Through my daily talks with God, devotions, Bible reading, meditations and crying out to the Lord for help I gradually saw my goals in life changing into One Main Goal. To make David’s life happy.
That was all that mattered. My goal was to make David as comfortable as possible. Our days were filled with experimenting with every kind of cushion, padding and wheelchair implementation we could think of to keep David from cutting, bruising and scratching himself when he jerked and contorted from his Dystonia. We also experimented with various head rest situations to keep his head from either flopping back, causing him to choke or flopping forward. We put soft towels behind his head to absorb his perspiration caused by a strange condition we never really figured out.

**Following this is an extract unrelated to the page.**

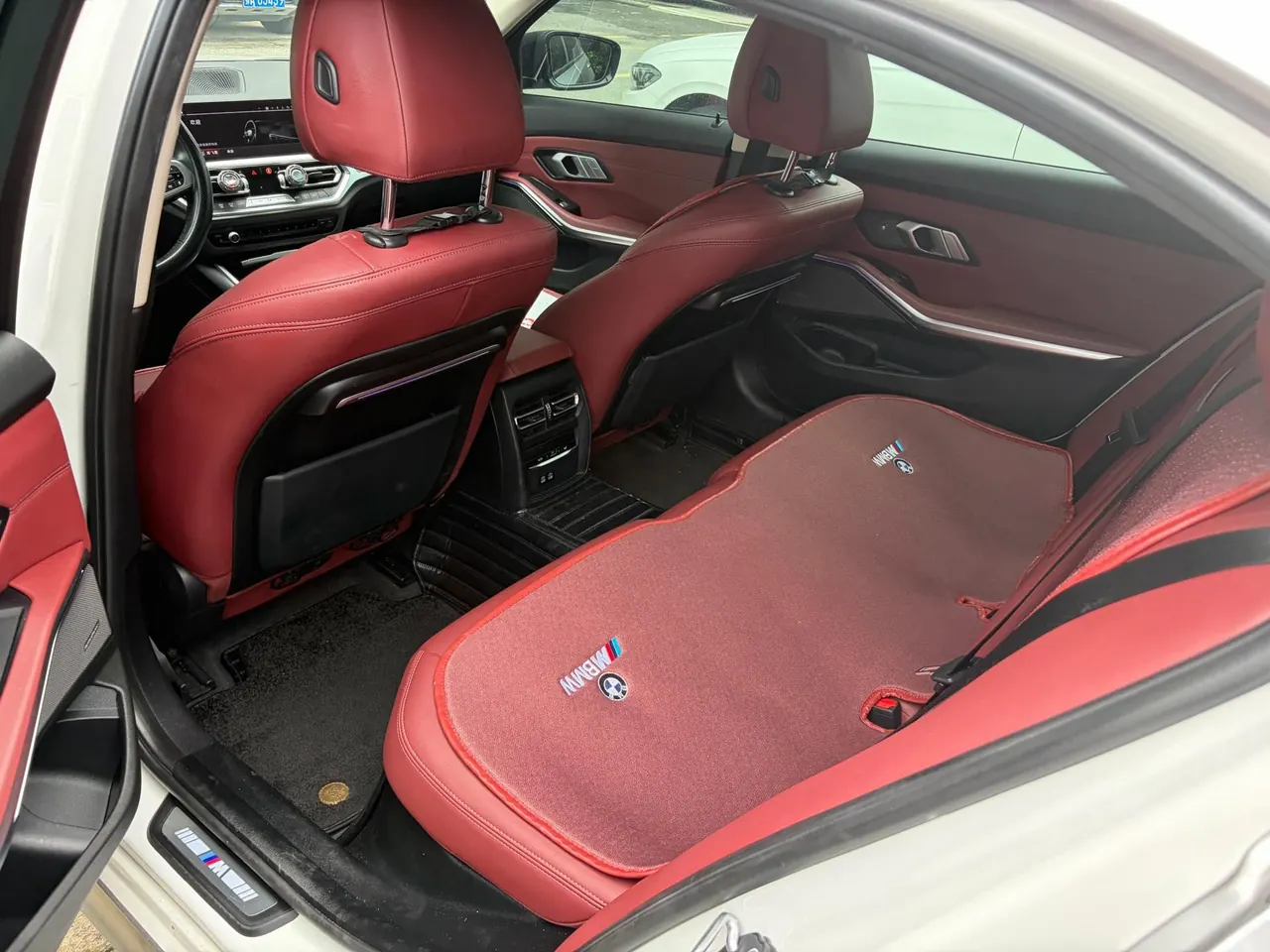 BMW 3 Series 2022 325Li 2.0T M Sports Obsidian Night Kit (Changed) Automatic Gear 3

What would it be like if you had no control over anything at all. If you were totally dependent on others for everything. I can scratch an itch, change my position if I’m uncomfortable, get a sip of water if I’m thirsty, take myself to the bathroom when I need to, put on a jacket or take it off as I’m cold or hot, turn down the music if it’s too loud, etc. There are so many things we can avoid or do for ourselves throughout the day that we don’t even think of but that someone in a similar condition to David can’t do. If someone has body odor or too much perfume I can walk away. David couldn’t. I remember one time a caregiver had spayed a ton of strong air freshener in the bathroom and then took David in. I walked in and couldn’t hardly breathe! I was “fuming”!

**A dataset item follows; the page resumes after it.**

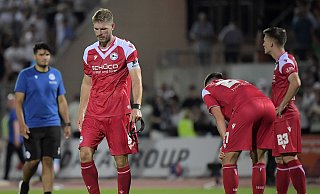 Für Arminia Bielefeld um Kapitän Fabian Klos (l.) endet das Spiel gegen den SSV Ulm mit einer enttäuschenden 0:1-Niederlage. - IMAGO/Jan Huebner Für Arminia Bielefeld um Kapitän Fabian Klos (l.) endet das Spiel gegen den SSV Ulm mit einer enttäuschenden 0:1-Niederlage. - IMAGO/Jan Huebner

My motto became, “How would I want to be treated? What if it was me and not David?” I tried to instill this thought to David’s caregivers too. Basically the Golden Rule. How would you feel if it was you in that wheelchair?
I did as many silly and goofy things in front of him that I could think of to make him smile or laugh. I would dance to his silly shows and sing dramatically. We tried to keep him engaged. He would zone out and be in his own world the closer he was to the end of his life. (of course no one knew he was near the end of his life)

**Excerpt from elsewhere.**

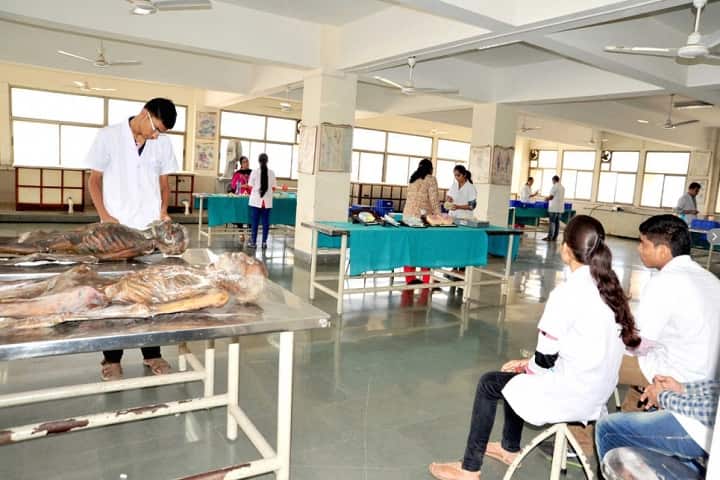 GCS Medical College campus in Ahmedabad, Gujarat, India — photo 3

One of David’s most favorite things to do was to go to a movie with his friends. He lived for those times! The last movie he was able to get out to see when I could still get him in and out of the car myself and when he could still sit in his chair without a head rest was Jungle Book. We went with Margaret and her Dad. Although he wasn’t fully engaged during the entire movie, he was happy and I saw glimpses of the old David. I’ll never forget that.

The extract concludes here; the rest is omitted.